Título: Valério: empréstimos de fachada
Autor:
Fonte: Jornal do Brasil, 09/12/2005, País, p. A2
O ex-superintendente do Banco Rural Carlos Roberto Godinho confirmou ontem aos integrantes da CPI dos Correios que os empréstimos concedidos às agências de publicidade de Marcos Valério Fernandes de Souza nunca foram pagos, ainda que as contas do mineiro tivessem fundo para quitar as dívidas. Em depoimento que durou cerca de quatro horas, Godinho acabou comprometendo o Banco Central (BC) que, segundo ele, realizou uma contundente fiscalização sobre as operações entre o Banco Rural e Marcos Valério. No entanto, o relatório apresentado pelo BC em Belo Horizonte não trouxe à tona as irregularidades.
- Como fiscais eles tinham condições de levantar possíveis irregularidades, mas não o fizeram - afirmou Godinho.
As suspeitas sobre o procedimento do Banco Central na investigação dos empréstimos, que alcançaram R$ 55 milhões, constam no relatório parcial da CPI. Com a confirmação de Godinho, a comissão pediu ao Ministério Público da União e ao próprio BC um levantamento sobre o caso. Os parlamentares esperam o resultado das auditorias para incorporar ao relatório final.
O relator da comissão, deputado Osmar Serraglio (PMDB-PR), ainda não vê necessidade de convocar diretores do BC para prestar esclarecimentos. Segundo o ex-superintendente, os empréstimos foram feitos para ''mascarar a entrada de recursos'' nas contas de Marcos Valério, como forma de lavagem de dinheiro. Mas ele não consegue apontar qual seria a verdadeira origem. Apenas em setembro deste ano, quando Valério já estava sob a mira de investigações, o BC determinou ao Banco Rural o provisionamento dos empréstimos.
Também nesta época o BC estabeleceu o aumento do grau de risco do empréstimo.

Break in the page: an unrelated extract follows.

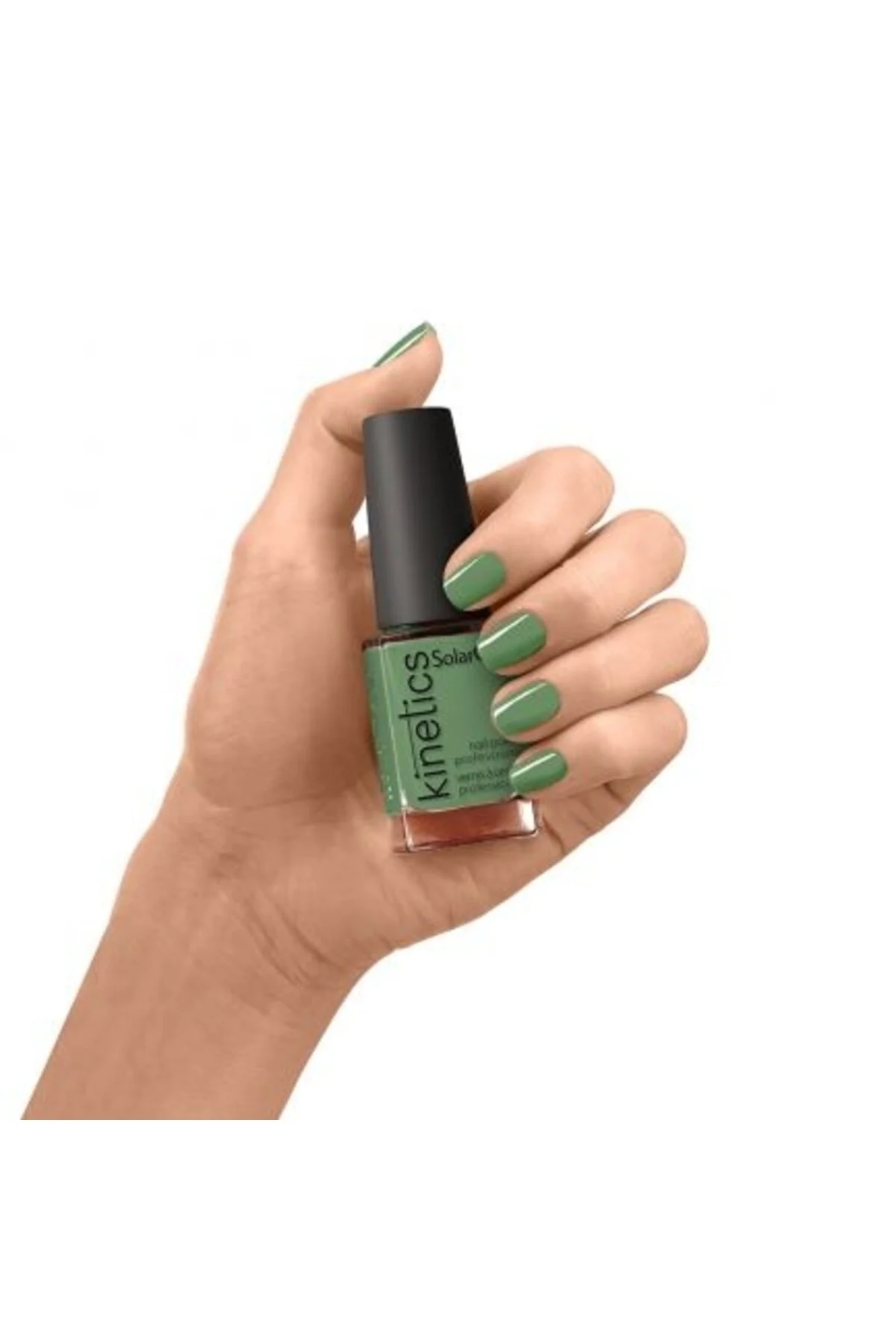 لاک ناخن SOLARGEL NAIL POLISH VERDANT 571 kinetics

Godinho ressaltou aos integrantes da CPI que desde os primeiros recursos repassados pelo Rural às agências de Marcos Valério - R$ 29 milhões só em 2003, para a SMPB e Grafite - o banco não teve qualquer garantia de recebimento. Nem mesmo houve provisionamento do repasse, que não estava sendo liquidado nem amortizado.
Ainda segundo Godinho, a movimentação financeira das contas da empresa eram dez vezes superior ao rendimento da mesma. Ele disse que todas estas irregularidades foram detalhadas em um relatório semestral. Mas, segundo ordens superiores - que inclusive passavam pela presidente do Banco Rural, Kátia Rabelo - tais informações foram retiradas do documento, para controle interno. Godinho disse que não pode provar o que foi apagado.
- Pediremos os relatórios que Godinho fez ao Banco Rural para verificar se chegaram ao BC - disse o sub-relator Gustavo Fruet (PSDB-PR).
O ex-funcionário do Rural confirmou ainda uma tentativa de Marcos Valério de criar o ''Banco dos Trabalhadores'', instituição para realizaria empréstimos consignados a trabalhadores e, poderia servir como uma forma mais segura de realizar as movimentações financeiras para o PT. Godinho disse que chegou a participar de um encontro em São Paulo, em 2003, com representantes do BMG e da empresa NetCash. Os parlamentares consideram uma tentativa de tráfico de influência de Marcos Valério, que chegou a fazer visitas ao BC para tratar do assunto.